Weakening the Immune System
Do you know how we like to say ‘worried sick’? This hyperbolic phrase dates back to the 1800s, and it is used to describe extreme anxiety accompanied by physical symptoms such as headaches, unexplained pain, stomachache, and sometimes even fever. But stress can also make you more susceptible to other health issues.
When cortisol levels stay elevated for too long, your immune system suffers. This state can even damage the body’s cells and elevate inflammation, which increases the risk of viruses and infections.
We’ve already mentioned an uneasy feeling in the stomach as a symptom of stress. There’s a strong connection between our brain and our digestive system.
When we are stressed, our fight-or-flight response prepares the body to protect us by conserving non-essential functions, such as digestion. This can lead to heartburn, stomachache, nausea, and indigestion. Also, stress can trigger increased motor function in the large intestine, causing diarrhea or bowel urgency.

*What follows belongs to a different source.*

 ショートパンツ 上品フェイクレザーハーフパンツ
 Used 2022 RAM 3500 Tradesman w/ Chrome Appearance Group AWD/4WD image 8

When the stress is chronic, these digestive problems become chronic too. While stress can’t be the cause of diseases such as inflammatory bowel disease, it can intensify their symptoms.
Last but not least, stress leaves a mark on your skin. The infamous cortisol causes the hypothalamus in your brain to produce another hormone — corticotropin-releasing hormone (CRH). This hormone stimulates excessive oil production, which can clog your pores, resulting in acne.
Furthermore, puffiness or swelling under the eyelids is another visible consequence of stress. This happens because of sleep deprivation caused by stress. Other visible manifestations of stress are dry skin, rashes, sore lips, and wrinkles. Finally, stress can literally make your hair go gray and disrupt your hair’s growth cycle.
Stress doesn’t have to ruin your health. If you decide to face it seriously, you can prevent the consequences. Slow down, take a deep breath, and take the time to learn about stress management tactics. Lastly, do your best to embrace some positive habits that will help you lead a healthier, more stress-free lifestyle.